Steven Savile: because you know you can do better...

Steven Savile: That'd be David Eddings' second Mallorean book.

Steven Savile: so, I think that about covers the good and the bad.

Steven Savile: next?

Angron: Fair enough; anyone you're reading at the moment, and would like to recommend?

Steven Savile: At the moment I am busy discovering a guy called James Blaylock who is utterly brilliant - Lord Kelvin's Machine, Homonculous and more. Outside of the genre Douglas Coupland has a new one, Gum Thief, which is as ever brilliant.

Steven Savile: Two brilliants in one paragraph. Repetition is bad. Naughty author.

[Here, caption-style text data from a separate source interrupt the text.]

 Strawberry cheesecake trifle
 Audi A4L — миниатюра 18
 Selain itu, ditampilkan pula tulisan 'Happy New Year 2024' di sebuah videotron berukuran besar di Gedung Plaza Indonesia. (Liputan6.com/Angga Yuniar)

Angron: crack out that old thesaurus

TheeForsakenOne: I can see the Editors wanting to kill you already,

Steven Savile: The Editors stalk my nightmares...

TheeForsakenOne: I think they stalk all writers.

Angron: That actually leads me into a question I wanted to ask; when you write, what language are your transcripts in?

Steven Savile: Ahh, that's the whole 'the lad lives in Stockholm' thing, right? I am from the bleak wastes of Newcastle, so technically Geordie.{Schoolboy error! ~Ang}

Steven Savile: I edit out the whey ayes...

Angron: I did wonder if I was right to ask that; I tend to avoid interviewee's back stories so they can tell me when I ask relevant questions!

Steven Savile: 10 years in Sweden now. I am pretty fluent when I can be bothered to make the effort!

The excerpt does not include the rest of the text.